• [What the task asks] A faithful, picture-free copy of the listing below is required.

• [Available data]
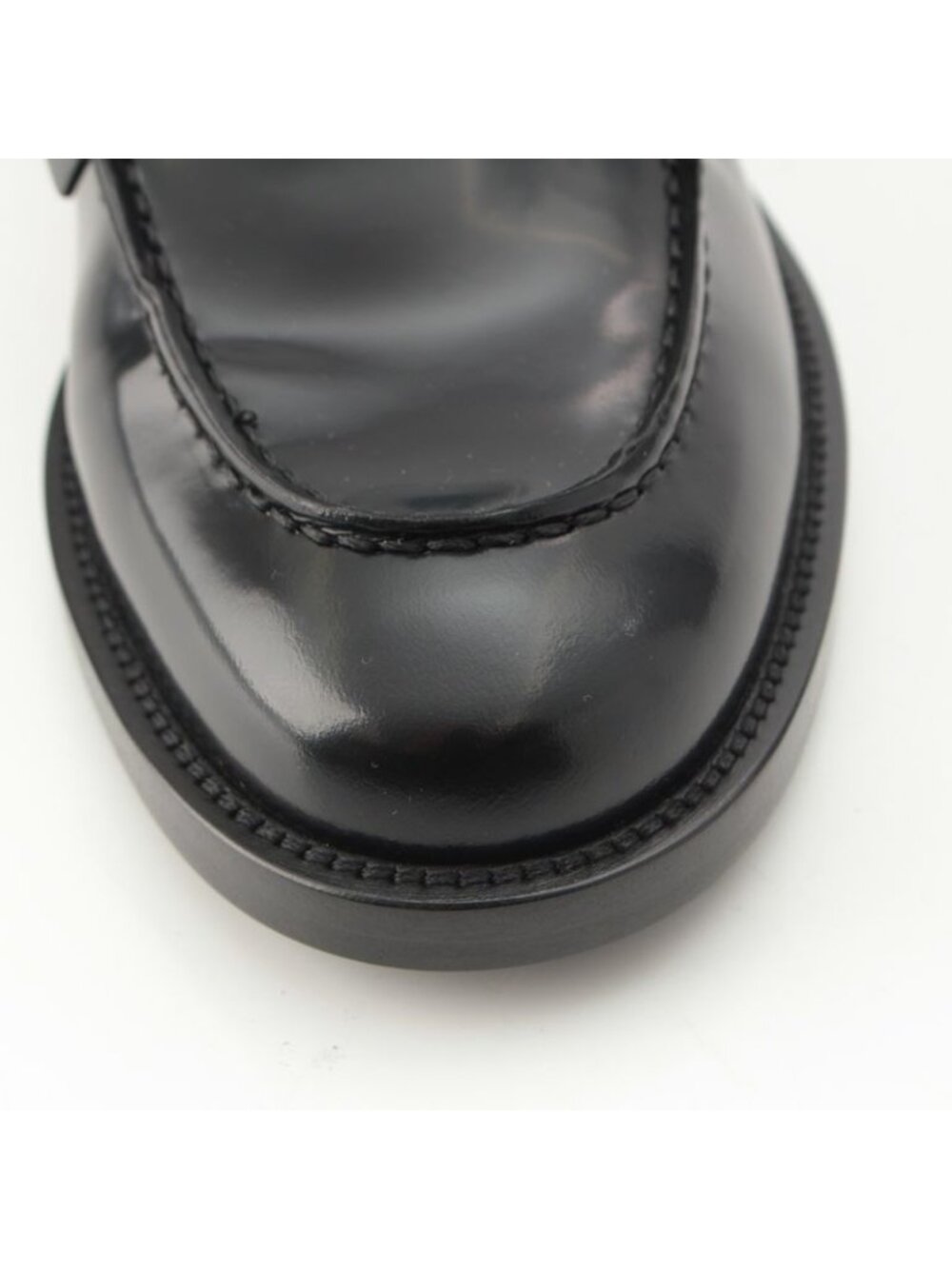 Chanel Back Logo Loafers Shoes Black 38 - Picture 8 of 10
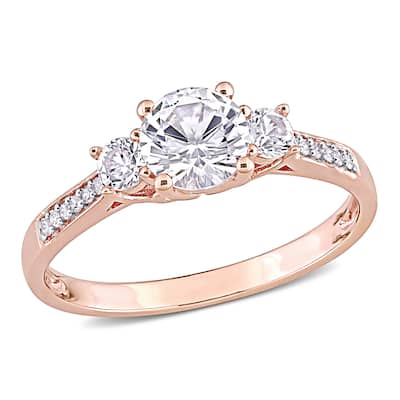 Miadora 3-Stone Created White Sapphire and Diamond Engagement 10k Rose Gold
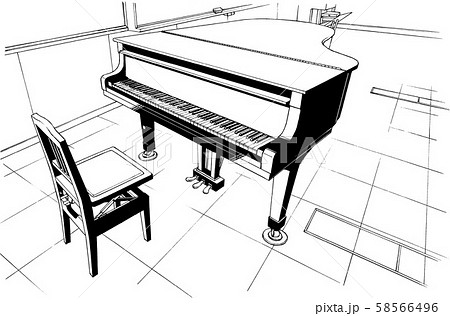 漫画風ペン画イラスト 学校 音楽室のイラスト素材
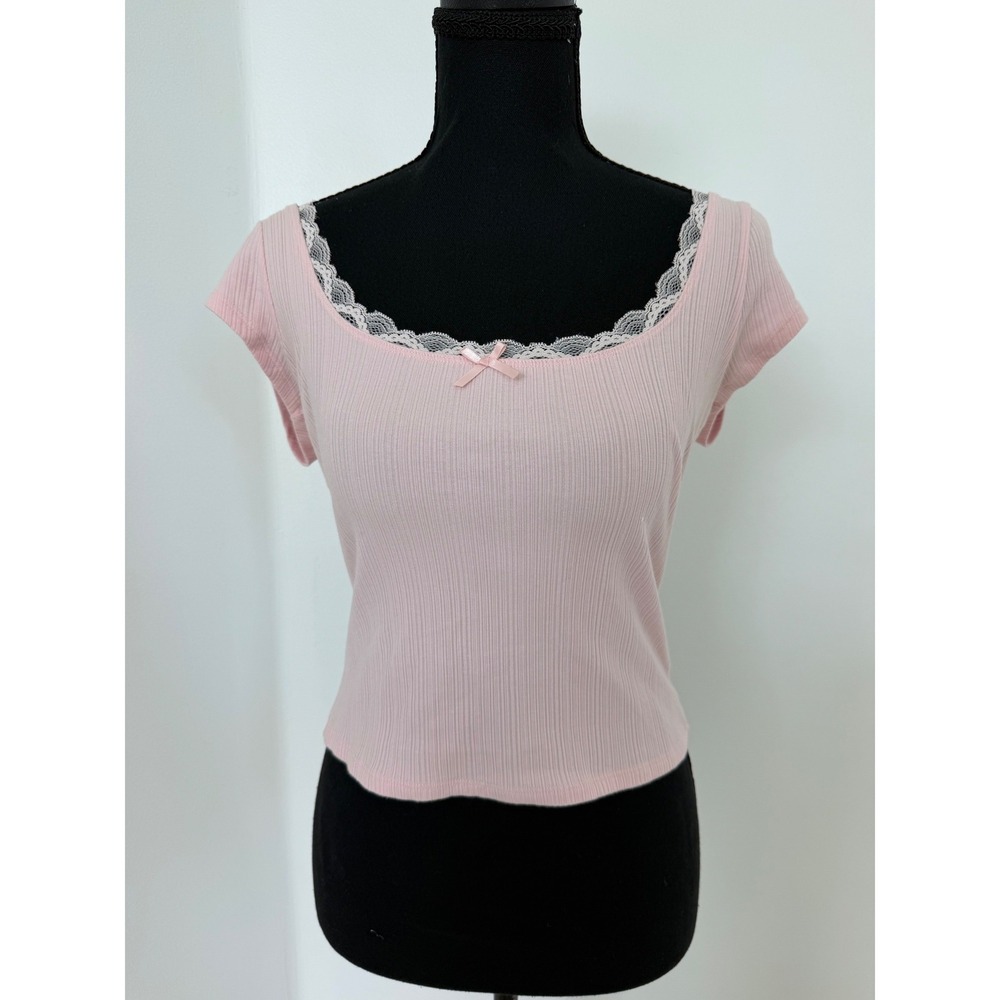 Coquette Baby Pink Lace Trim Ribbed Top Soft Girl Bow Scoop Neck Y2K Cropped S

• [Task result]
 Chanel Back Logo Loafers Shoes Black 38 - Picture 8 of 10
 Miadora 3-Stone Created White Sapphire and Diamond Engagement 10k Rose Gold
 漫画風ペン画イラスト 学校 音楽室のイラスト素材
 Coquette Baby Pink Lace Trim Ribbed Top Soft Girl Bow Scoop Neck Y2K Cropped S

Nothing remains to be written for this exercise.